Mercoledì 12 Febbraio 2003

CRONACA DI ROMA

I magistrati contabili denunciano: "E’ sempre più ridotta la nostra area d’intervento". Anche negli enti previdenziali tanti illeciti
"Lo scandalo delle consulenze d’oro"
Allarme della Corte dei Conti: "Nella pubblica amministrazione sono troppe e costose"

di MARIO MENGHETTI

Una denuncia: la sempre più ridotta area di intervento del giudice contabile. Il doppio allarme: troppe e costose consulenze a professionalità estranee alla Pubblica Amministrazione, frequenti comportamenti illeciti e dannosi nella gestione dei servizi pubblici (in particolare negli enti previdenziali). In un totale di quasi 4 mila nuove denunce. Ma anche un "sorriso": diminuiscono le cause pendenti (da circa 12 mila a poco più di 8 mila); nei giudizi di responsabilità, oltre il 58 per cento delle sentenze sono di condanna. Con richieste di risarcimento per quasi 78 milioni di euro.
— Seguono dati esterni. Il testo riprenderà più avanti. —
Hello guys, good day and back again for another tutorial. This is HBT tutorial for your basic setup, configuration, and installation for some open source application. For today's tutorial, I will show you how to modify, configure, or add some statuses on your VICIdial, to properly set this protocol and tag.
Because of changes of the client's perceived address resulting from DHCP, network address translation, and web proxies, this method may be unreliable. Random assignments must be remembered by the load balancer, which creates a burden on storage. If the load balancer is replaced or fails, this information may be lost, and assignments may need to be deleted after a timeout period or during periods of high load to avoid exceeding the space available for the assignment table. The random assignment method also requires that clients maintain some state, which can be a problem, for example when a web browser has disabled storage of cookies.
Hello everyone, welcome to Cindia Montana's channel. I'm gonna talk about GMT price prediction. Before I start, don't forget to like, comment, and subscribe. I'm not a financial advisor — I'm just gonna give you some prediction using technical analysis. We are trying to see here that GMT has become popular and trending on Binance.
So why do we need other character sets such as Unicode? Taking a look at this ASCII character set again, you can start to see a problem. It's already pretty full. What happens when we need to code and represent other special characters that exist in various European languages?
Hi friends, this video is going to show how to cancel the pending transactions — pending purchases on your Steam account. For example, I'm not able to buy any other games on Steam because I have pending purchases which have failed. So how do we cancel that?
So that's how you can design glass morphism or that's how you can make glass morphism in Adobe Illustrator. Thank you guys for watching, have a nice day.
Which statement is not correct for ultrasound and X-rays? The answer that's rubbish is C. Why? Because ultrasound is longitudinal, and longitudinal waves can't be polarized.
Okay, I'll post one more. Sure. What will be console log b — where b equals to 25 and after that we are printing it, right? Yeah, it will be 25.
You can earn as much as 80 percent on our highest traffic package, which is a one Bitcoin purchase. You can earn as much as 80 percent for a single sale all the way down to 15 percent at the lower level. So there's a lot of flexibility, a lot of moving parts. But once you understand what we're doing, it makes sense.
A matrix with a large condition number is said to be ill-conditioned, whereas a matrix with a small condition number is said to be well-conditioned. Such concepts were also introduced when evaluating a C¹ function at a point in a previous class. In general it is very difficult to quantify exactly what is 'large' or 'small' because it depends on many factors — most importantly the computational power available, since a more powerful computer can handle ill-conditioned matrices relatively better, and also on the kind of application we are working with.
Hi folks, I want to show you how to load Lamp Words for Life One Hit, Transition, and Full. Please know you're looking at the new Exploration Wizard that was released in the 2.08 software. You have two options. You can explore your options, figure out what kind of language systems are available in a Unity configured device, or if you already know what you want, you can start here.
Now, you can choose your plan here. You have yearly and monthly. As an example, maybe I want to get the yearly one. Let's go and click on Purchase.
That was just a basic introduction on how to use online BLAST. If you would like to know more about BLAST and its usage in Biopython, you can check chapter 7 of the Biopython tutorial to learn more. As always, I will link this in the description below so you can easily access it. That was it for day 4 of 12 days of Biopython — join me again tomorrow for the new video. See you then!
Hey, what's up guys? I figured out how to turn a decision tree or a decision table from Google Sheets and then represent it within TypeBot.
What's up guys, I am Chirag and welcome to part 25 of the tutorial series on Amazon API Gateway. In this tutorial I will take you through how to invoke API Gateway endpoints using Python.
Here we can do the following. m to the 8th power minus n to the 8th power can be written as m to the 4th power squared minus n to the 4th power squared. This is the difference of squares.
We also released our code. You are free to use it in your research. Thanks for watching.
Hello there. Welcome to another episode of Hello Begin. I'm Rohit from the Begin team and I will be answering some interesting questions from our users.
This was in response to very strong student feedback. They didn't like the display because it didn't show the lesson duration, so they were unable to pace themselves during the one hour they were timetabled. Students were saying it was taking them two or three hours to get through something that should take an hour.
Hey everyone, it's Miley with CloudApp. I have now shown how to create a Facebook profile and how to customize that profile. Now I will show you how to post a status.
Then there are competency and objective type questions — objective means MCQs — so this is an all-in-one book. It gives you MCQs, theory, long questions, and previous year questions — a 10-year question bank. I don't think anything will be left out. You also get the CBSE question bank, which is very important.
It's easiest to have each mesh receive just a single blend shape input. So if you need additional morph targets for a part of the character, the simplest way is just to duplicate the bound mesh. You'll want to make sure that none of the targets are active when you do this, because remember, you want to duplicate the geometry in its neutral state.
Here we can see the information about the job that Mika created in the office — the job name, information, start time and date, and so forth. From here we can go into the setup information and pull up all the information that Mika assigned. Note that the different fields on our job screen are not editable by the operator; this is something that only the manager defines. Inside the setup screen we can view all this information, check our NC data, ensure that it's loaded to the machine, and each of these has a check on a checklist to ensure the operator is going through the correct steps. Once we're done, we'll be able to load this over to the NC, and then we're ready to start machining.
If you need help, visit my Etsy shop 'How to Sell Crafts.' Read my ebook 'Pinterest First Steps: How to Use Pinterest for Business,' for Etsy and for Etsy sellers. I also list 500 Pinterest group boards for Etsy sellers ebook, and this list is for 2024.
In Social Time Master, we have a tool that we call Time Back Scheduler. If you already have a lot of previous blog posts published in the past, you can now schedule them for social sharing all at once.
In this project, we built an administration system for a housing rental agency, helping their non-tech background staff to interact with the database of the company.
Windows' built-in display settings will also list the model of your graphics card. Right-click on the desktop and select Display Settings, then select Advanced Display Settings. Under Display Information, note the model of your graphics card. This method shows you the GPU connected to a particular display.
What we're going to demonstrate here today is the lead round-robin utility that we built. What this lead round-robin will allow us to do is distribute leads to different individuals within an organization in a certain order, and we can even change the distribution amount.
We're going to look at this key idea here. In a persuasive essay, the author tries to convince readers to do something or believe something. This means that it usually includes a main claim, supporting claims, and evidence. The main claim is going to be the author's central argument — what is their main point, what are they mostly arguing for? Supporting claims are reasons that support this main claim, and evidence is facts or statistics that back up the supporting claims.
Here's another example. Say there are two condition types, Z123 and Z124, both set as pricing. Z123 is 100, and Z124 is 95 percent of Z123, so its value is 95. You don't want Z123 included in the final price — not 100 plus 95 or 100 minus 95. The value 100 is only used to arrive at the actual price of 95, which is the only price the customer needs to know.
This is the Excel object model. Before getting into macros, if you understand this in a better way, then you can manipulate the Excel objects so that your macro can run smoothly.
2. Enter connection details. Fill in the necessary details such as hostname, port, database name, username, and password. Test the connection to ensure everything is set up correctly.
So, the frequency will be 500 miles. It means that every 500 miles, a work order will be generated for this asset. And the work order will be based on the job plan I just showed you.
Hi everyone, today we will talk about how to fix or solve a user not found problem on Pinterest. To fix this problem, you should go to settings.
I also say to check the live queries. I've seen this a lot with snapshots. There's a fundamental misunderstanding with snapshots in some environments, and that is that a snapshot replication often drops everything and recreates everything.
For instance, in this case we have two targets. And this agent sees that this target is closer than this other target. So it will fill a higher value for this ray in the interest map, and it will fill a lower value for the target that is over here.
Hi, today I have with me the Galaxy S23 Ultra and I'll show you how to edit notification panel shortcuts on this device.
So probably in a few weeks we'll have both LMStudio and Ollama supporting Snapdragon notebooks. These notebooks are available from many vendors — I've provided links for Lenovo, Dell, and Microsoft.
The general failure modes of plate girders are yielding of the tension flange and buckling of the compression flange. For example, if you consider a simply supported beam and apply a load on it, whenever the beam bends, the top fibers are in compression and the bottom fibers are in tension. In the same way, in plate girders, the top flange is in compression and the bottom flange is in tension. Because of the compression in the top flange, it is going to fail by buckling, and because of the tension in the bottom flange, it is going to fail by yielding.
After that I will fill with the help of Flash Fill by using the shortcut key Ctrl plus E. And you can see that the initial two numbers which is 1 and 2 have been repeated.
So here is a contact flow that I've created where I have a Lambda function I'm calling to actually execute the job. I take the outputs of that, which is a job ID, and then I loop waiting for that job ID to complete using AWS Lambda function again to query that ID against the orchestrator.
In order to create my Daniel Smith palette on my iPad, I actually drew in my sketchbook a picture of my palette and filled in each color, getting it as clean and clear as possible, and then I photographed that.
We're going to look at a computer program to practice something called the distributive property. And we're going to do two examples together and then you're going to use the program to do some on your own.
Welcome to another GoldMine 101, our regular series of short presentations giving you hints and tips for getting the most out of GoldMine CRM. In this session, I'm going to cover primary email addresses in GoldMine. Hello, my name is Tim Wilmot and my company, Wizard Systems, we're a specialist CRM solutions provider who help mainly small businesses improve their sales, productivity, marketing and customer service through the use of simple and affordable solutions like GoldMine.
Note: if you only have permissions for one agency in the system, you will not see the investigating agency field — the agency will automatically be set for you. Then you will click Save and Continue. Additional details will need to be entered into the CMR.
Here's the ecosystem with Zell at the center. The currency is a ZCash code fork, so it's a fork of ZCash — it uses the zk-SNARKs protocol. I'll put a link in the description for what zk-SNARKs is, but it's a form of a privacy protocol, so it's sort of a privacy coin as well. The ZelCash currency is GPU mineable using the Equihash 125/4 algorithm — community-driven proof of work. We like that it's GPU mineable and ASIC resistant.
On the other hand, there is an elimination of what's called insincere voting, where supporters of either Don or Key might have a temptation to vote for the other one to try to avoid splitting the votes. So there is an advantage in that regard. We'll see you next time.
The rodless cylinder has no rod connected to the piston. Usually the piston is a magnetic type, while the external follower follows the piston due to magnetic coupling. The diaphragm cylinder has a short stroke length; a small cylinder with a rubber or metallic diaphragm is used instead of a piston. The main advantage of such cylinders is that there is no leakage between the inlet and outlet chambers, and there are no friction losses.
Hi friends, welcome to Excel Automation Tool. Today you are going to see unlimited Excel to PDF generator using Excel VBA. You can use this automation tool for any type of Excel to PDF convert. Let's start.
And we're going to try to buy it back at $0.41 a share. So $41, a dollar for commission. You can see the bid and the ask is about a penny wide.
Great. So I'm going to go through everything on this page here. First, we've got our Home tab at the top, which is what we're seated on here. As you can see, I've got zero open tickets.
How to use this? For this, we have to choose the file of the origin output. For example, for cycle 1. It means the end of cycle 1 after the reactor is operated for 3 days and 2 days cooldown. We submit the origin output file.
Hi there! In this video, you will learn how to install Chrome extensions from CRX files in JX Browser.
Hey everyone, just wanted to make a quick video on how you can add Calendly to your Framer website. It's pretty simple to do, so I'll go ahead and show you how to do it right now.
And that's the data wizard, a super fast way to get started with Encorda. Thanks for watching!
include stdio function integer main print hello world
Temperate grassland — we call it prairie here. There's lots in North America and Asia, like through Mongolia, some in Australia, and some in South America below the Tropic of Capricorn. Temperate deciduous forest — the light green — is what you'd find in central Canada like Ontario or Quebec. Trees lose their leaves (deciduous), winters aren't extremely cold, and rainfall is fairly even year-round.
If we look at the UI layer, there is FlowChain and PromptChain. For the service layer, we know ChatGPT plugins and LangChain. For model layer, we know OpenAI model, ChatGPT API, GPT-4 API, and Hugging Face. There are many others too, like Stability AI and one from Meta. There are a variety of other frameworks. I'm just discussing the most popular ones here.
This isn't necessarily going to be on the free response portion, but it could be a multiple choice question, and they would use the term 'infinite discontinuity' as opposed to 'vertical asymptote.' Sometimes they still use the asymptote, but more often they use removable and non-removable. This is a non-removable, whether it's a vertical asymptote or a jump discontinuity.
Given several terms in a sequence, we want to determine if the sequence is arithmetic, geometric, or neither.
Luci e ombre, quindi, nella relazione del procuratore regionale Salvatore Nottola, nell’inaugurazione dell’anno giudiziario della Corte dei Conti del Lazio.
Il caso Sta. "Una sempre più estesa area di attività pubbliche - ha spiegato Nottola - viene sottratta alla tutela pubblica, con pregiudizievoli riflessi sull'erario. E il fenomeno è destinato ad aumentare perché sempre più frequentemente funzioni e risorse pubbliche vengono trasferite ad enti privati". In questi casi, per esempio, per le municipalizzate, è complesso per la Corte dei Conti esercitare un controllo. "Per esempio nel caso della Sta (l’azienda che gestisce i "parcheggi" di Roma, ndr) - ha indicato il procuratore - sul cui caso c'è un giudizio in corso relativamente all'utilizzo dei fondi, la Corte aveva richiesto la presentazione dei conti ricevendo in risposta un ricorso alla Cassazione da parte della Sta che sosteneva l'illegittimità della richiesta da parte dei magistrati contabili. La Cassazione, a sezioni riunite, ha invece stabilito che quando una società privata ha un rapporto di strumentalità con il pubblico, la Corte dei Conti è competente".
La condanna record. Molte sentenze della sezione giurisdizionale del Lazio riguardano "comportamenti dannosi" nella gestione del patrimonio immobiliare o mobiliare. Degna di nota, a questo proposito, la condanna pronunciata a carico dell'ex direttore amministrativo dell'ospedale Israelitico di Roma, per un importo di oltre 1 milione di euro (circa due miliardi delle vecchie lire) indebitamente sottratto, e quella dell'ex presidente e dei componenti del Consiglio di amministrazione dell'Istituto Romano San Michele di Roma per indebito pagamento del canone di locazione.
Le consulenze esterne. Molti i comportamenti illeciti riscontrati nella gestione dei servizi erogati dalla pubblica amministrazione, in particolare dei servizi previdenziali e nella gestione degli Enti. Tre atti di citazione riguardano sempre l’Ipab. Uno di questi, per un importo pari a quasi 400 mila euro, riguarda indebite e dannose speculazioni finanziarie: hanno usato il denaro per giocare in Borsa. Ci sono poi numerosi atti di citazione che riguardano le consulenze esterne. Quelle dell’Unire, per circa 460 mila euro, è stata "un’abusata prassi che ha portato al commissariamento dell’Ente". Gli amministratori "pro tempore" dell’Iacp e dell’Atac di Roma sono invece stati condannati a rifondere il danno derivante dall’illegittimo affidamento di incarichi esterni di consulenza.
Il caso Inail. Un’azione di responsabilità è stata iniziata- con atti di sequestro conservativo seguiti da atti di citazione - nei confronti di alti dirigenti dell’Inail per ipotesi di corruzione per l’acquisto di immobili per l’Ente. Il danno richiesto è ingente, oltre 1.200.000 euro, a cui occorre aggiungere 516.000 euro per danno all’immagine.